Tech giant Google has unveiled its latest flagship smartphone. The Pixel 2 is designed as a direct competitor to the iPhone and comes with high-end features and a hefty price tag.
But is there room in the smartphone market for another premium device? CGTN’s Phil Lavelle reports.
The model, which will come in standard and XL, features an updated design and camera, improvements to virtual and artificial reality and a body that lets you squeeze it to launch functions.
It comes a year after Google unveiled the original Pixel – seeking to gain a foothold in the premium end of the smartphone market. But it was a launch that was marred by chronic shortages.
Also unveiled on Wednesday: updates to Google’s smart home family with a new Home assistant, a new smart speaker, and laptop running the company’s Chrome OS. But despite the new hardware on show, there was one champion that Google couldn’t mention enough: Google Assistant.
Launched originally a year ago as one of the first Pixel’s key selling points, Google Assistant is a powerful AI concierge, similar to Apple’s Siri or Microsoft’s Cortana. The system takes advantage of Google’s deep learning technology, history in web search and products like Google Play Music, Gmail and Maps. It allows users to do everything from check a flight status and see who is at their front door, to play music and translate languages on the go.
As Google announced each product, Google Assistant was given a mention. It’s clearly one of Google’s proudest moments. The Pixel phone launch was the product that was most eagerly awaited at the unveiling – although recent leaks had taken away the element of surprise for many. It’s a common pattern now, as smartphone makers unveil their latest wares during the hotly watched high-end product launch season, leading up to the holidays.
Samsung recently launched its flagship Note 8 device, with Apple also revealing two new variations of its iPhone line: the iPhone 8/8 Plus and the upcoming iPhone X. But reviewers were quick to point out, even with the leaks, there were few revolutionary talking points:
“I don’t know about ‘change the world’ elements. But we can always get excited about a manufacturer or company like Google trying to reach out to consumers and that’s what the Pixel is”, said Juan Carlos Bagnell, Senior Reviewer at tech website, Pocketnow.
Google needs to be able to fulfill orders though. With the original Pixel not widely available for more than six months after launch, many would-be early adopters were left angry, unable to get their hands on a device or even back-order one.
The company even acknowledged this, saying to reporters on Wednesday: “We just wish we’d had more to go around.”
Juan Carlos adds: “I think Google grossly underestimated the demand – the interest in an ‘iPhone from Google.’ – a really simplified product.
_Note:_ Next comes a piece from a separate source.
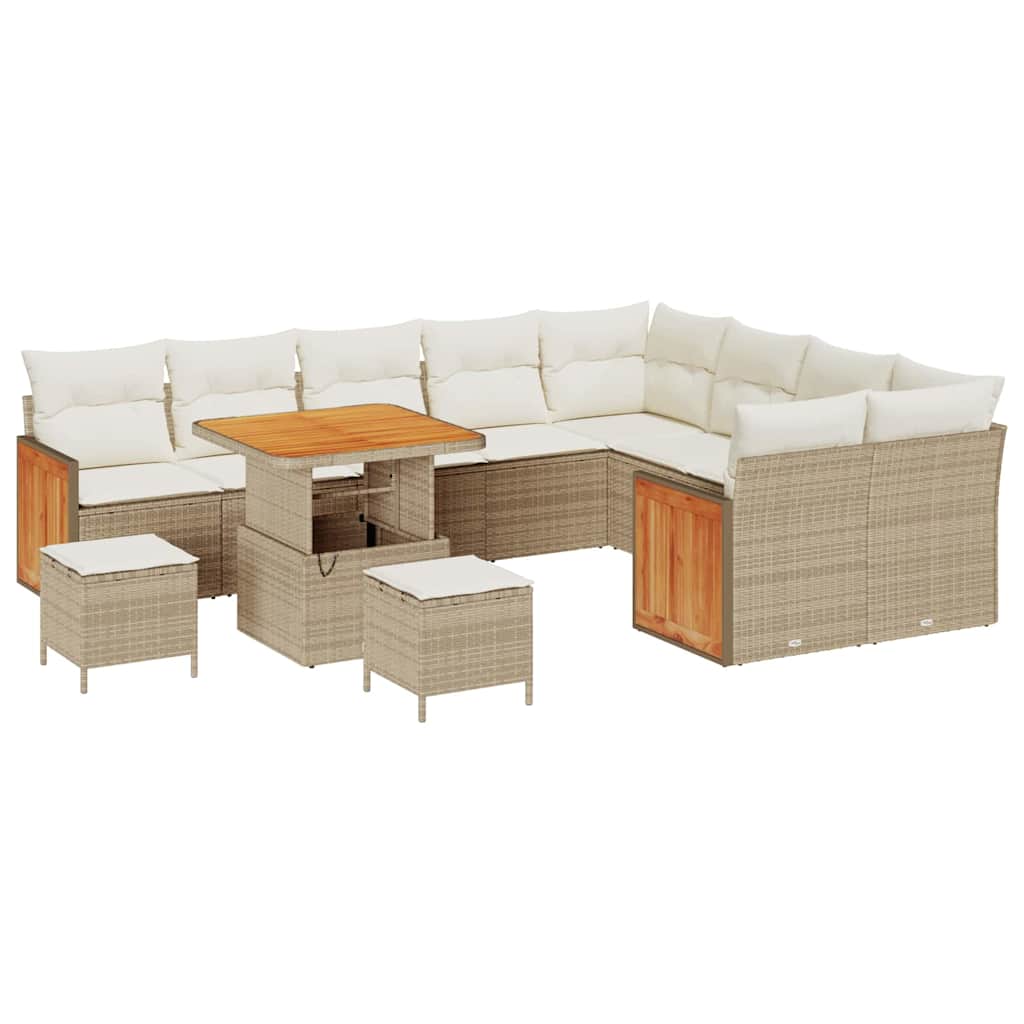 Conjunto de Sofá de Jardim 12 pcs bege e creme 80 x 80 x 71 cm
So we’re hoping they have their manufacturing chains better positioned to deliver directly to consumers, but for a lot markets, there aren’t going to be opportunities to play with this phone in person. You’re going to have to trust that your online order makes it.”
This is Google’s first major product launch since it bought a chunk of Taiwanese handset maker, HTC. They’ve partnered with HTC many times over the years – the firm built Google’s first Android handset, the G1/Dream, and also last year’s first Pixel device.
But where other Google branded handsets (originally known as Nexus devices) were put out to contract with various manufacturers, including LG, Samsung, Motorola and Huawei, the Pixel is a solely-Google/HTC affair. This is because Google wants to be able to control the entire experience in house, in the same way Apple does. Garrett Reim of the Los Angeles Business Journal explains:
“Google makes the Android operating system and by buying HTC, they’ll be able to closely co-ordinate their software development of their OS with the hardware development which will make for better tech overall and allow it to push out its various innovations.”
All items went up for pre-order immediately, but with a 6-7 week shipping wait. That’s significant in itself, because it allows Google to steal the march on Apple, which has millions of fans apparently waiting for its iPhone X. That launches on November 3rd.
By announcing the Pixel line now, it means Google can sell to the same market, but still buy time to ensure production of the devices can meet demand. Either way, this is the most lucrative time of the year for handset manufacturers as we get into the busy holiday shopping season.
Will it be happy holidays for Google, Apple and Samsung? Very likely.
With both the Pixel and iPhone sure to be in scarce supply, demand is through the roof.
Will it be happy holidays for consumers? Possibly. If they can get their hands on the handset of choice.